Office: MoSE G026

Phone: (404) 894-2761

Email: cicerone@gatech.edu

 

 

Marcus T Cicerone received his Ph.D. from the University of Wisconsin – Madison in 1994, under the direction of Mark Ediger. He spent three years at Johnson & Johnson Clinical Diagnostics, served as a visiting teaching professor at Brigham Young University for two years, and subsequently joined the National Institute of Standards and Technology in 2001, where he remained for 18 years, serving as a group leader and project leader. In January 2019 he joined the Georgia Institute of Technology as a Professor of Chemistry.

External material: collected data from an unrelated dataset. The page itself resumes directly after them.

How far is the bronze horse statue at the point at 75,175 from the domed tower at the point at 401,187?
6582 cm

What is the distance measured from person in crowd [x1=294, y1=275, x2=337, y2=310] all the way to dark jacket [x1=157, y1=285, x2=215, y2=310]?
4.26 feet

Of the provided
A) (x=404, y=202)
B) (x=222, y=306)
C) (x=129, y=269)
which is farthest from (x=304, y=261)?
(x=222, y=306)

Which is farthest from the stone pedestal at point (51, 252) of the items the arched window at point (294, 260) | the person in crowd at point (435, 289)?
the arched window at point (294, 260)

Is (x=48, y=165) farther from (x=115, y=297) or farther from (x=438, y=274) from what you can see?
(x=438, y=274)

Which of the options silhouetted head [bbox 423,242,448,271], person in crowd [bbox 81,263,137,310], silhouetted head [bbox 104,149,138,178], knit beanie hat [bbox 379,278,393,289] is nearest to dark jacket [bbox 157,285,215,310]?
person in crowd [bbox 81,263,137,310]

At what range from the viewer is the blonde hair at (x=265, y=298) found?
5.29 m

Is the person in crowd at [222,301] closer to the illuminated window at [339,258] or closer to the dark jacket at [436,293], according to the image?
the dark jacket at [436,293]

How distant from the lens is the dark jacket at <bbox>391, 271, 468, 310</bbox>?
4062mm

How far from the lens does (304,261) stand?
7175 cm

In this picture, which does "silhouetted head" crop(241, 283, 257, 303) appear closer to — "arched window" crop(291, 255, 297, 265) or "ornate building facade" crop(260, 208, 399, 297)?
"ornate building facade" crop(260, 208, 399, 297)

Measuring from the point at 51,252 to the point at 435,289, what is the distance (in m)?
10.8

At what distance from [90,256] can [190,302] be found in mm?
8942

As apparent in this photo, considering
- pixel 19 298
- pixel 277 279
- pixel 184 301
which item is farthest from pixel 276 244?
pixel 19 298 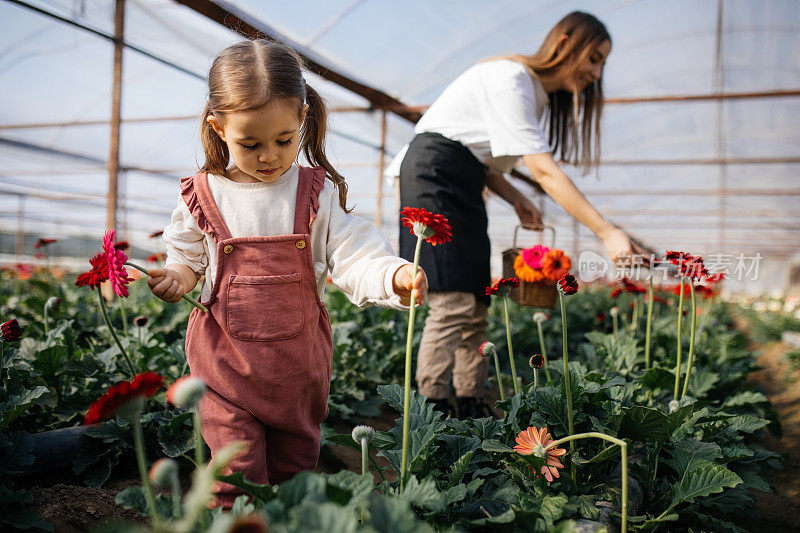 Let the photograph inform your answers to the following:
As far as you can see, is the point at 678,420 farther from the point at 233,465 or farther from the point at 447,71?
the point at 447,71

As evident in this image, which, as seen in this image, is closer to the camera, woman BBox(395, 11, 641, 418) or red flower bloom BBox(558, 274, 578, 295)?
red flower bloom BBox(558, 274, 578, 295)

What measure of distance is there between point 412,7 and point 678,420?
212 inches

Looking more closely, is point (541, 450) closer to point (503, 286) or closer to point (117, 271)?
point (503, 286)

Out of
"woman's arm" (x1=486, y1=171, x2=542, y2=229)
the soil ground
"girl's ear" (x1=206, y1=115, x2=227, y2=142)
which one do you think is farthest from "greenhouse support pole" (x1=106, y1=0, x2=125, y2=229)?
"girl's ear" (x1=206, y1=115, x2=227, y2=142)

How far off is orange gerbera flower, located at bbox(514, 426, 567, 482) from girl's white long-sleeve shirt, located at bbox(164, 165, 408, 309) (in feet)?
1.45

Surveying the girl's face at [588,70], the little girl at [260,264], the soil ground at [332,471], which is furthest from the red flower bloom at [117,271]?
the girl's face at [588,70]

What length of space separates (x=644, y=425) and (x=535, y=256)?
74 centimetres

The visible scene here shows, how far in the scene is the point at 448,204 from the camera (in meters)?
2.20

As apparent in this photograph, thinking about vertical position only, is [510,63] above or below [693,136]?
below


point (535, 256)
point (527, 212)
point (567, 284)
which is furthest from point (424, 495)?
point (527, 212)

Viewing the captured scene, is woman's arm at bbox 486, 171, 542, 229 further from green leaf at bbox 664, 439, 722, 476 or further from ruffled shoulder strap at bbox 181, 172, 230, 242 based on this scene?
ruffled shoulder strap at bbox 181, 172, 230, 242

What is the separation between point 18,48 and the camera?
658 cm

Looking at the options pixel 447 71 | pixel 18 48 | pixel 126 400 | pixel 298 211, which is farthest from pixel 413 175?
pixel 18 48

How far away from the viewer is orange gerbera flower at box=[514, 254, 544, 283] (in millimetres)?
2056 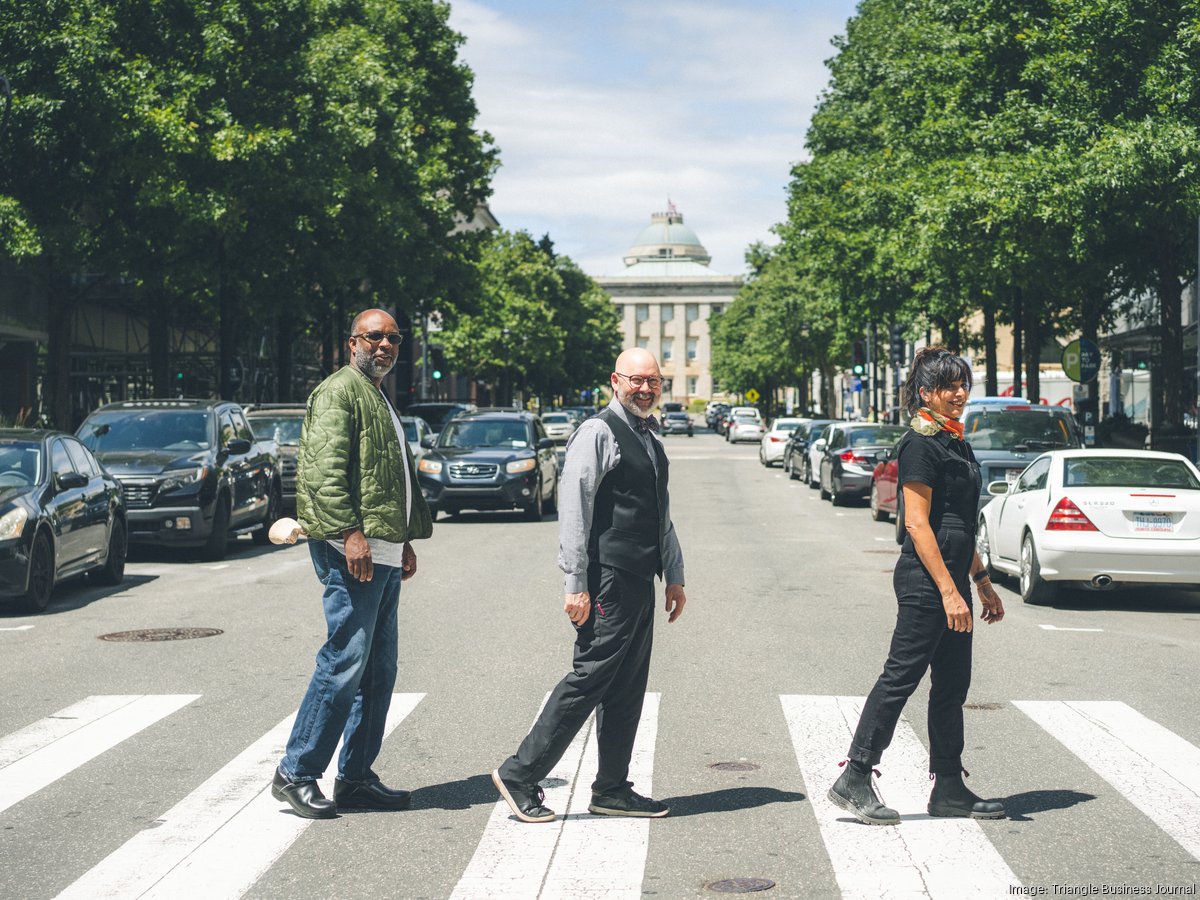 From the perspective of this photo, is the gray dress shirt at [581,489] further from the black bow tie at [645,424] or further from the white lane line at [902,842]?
the white lane line at [902,842]

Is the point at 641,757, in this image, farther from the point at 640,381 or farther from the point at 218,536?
the point at 218,536

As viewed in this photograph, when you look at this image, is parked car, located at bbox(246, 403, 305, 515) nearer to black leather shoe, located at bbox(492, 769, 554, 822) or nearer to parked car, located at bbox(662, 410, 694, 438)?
black leather shoe, located at bbox(492, 769, 554, 822)

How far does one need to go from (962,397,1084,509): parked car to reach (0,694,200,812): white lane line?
46.1 ft

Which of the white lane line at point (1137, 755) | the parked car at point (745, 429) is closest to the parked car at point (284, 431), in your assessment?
the white lane line at point (1137, 755)

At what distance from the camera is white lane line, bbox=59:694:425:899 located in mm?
5340

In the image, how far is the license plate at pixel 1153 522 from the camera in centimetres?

Professor Cicerone is a fellow of American Physical Society, and has received several awards for his efforts in coherent Raman-based biological imaging and for his work in dynamics of liquids and amorphous solids. These include a Johnson & Johnson Director’s Research Award, two Department of Commerce Bronze metals, the 2015 Washington Academy of Sciences Physical & Biological Sciences Award, and the 2017 Arthur S. Flemming Award.

Research Interests

Professor Cicerone works on development and application of spectroscopic coherent Raman imaging approaches and on dynamics of amorphous condensed matter. In the coherent Raman imaging work, his group introduced broadband (spectroscopic) coherent anti-Stokes Raman scattering (BCARS) microscopy in 2004. Since then he and his group have remained at the forefront of this field, introducing improvements such as a time-domain Kramers-Kronig transform to deal with non-causal signals for retrieving the pure Raman spectrum directly from the raw BCARS signal. The results of that work and other instrument design innovations utilizing impulsive vibrational coherence generation resulted in recognition as one of the top 10 innovations in BioPhotonics for 2014. His group has logged many imaging firsts, including the first to obtain quantitative vibrational fingerprint spectra from mammalian cells using coherent Raman imaging, and the first to identify specific structural proteins from coherent Raman imaging.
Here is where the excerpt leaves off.